Available records below:
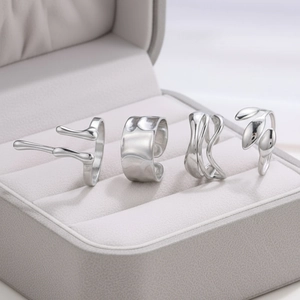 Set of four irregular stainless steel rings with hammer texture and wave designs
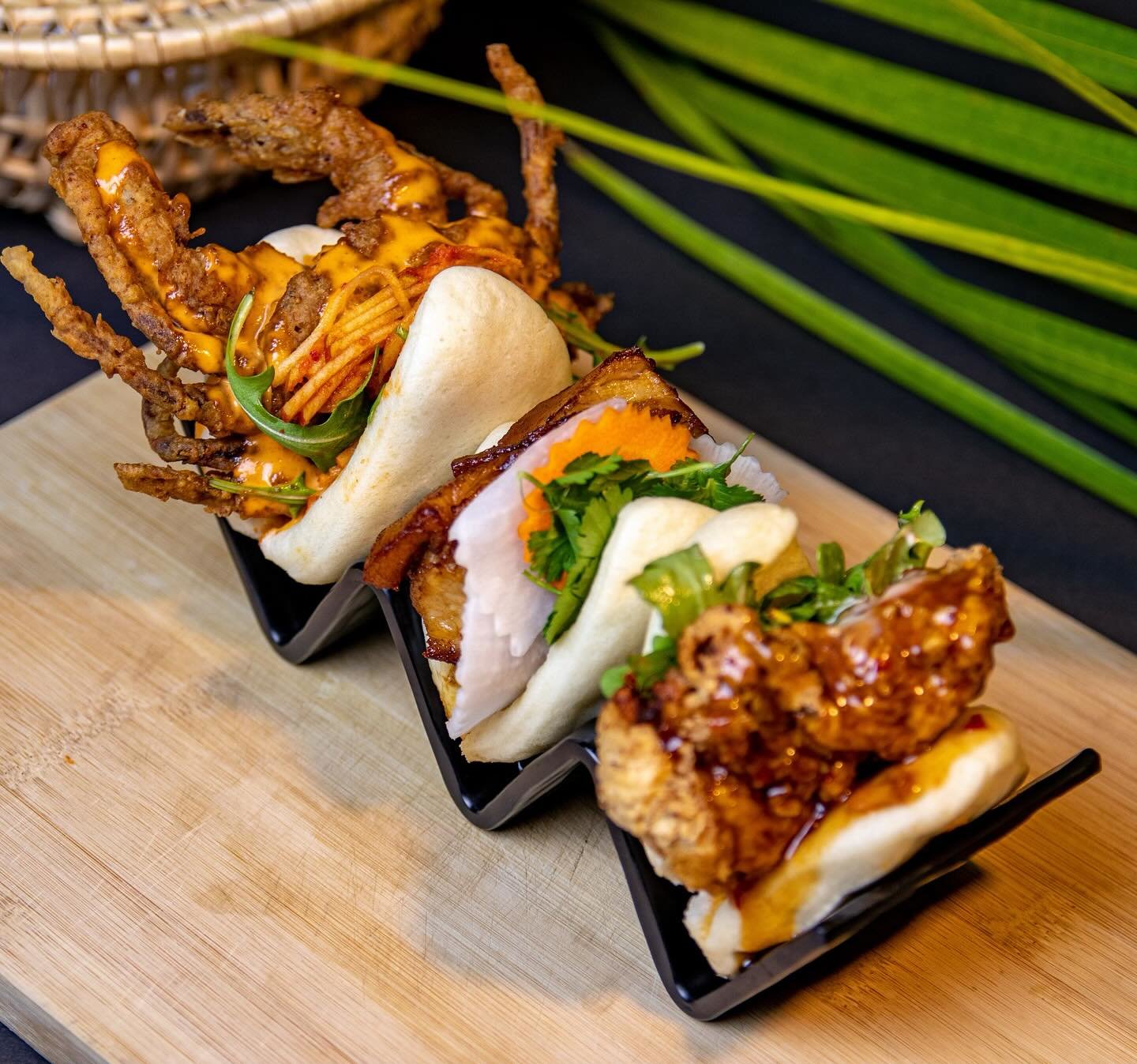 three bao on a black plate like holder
End of Available records.
Available records below:
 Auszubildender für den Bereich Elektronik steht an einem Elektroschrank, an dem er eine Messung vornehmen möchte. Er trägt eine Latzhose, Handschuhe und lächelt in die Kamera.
End of Available records.
• What is required
Using the entries above, extract exactly the lines from the one that contains "Set of four" through the one that contains "three bao on a black plate like holder". Do not carry over any pictures.

• Reply to the task
 Set of four irregular stainless steel rings with hammer texture and wave designs
 three bao on a black plate like holder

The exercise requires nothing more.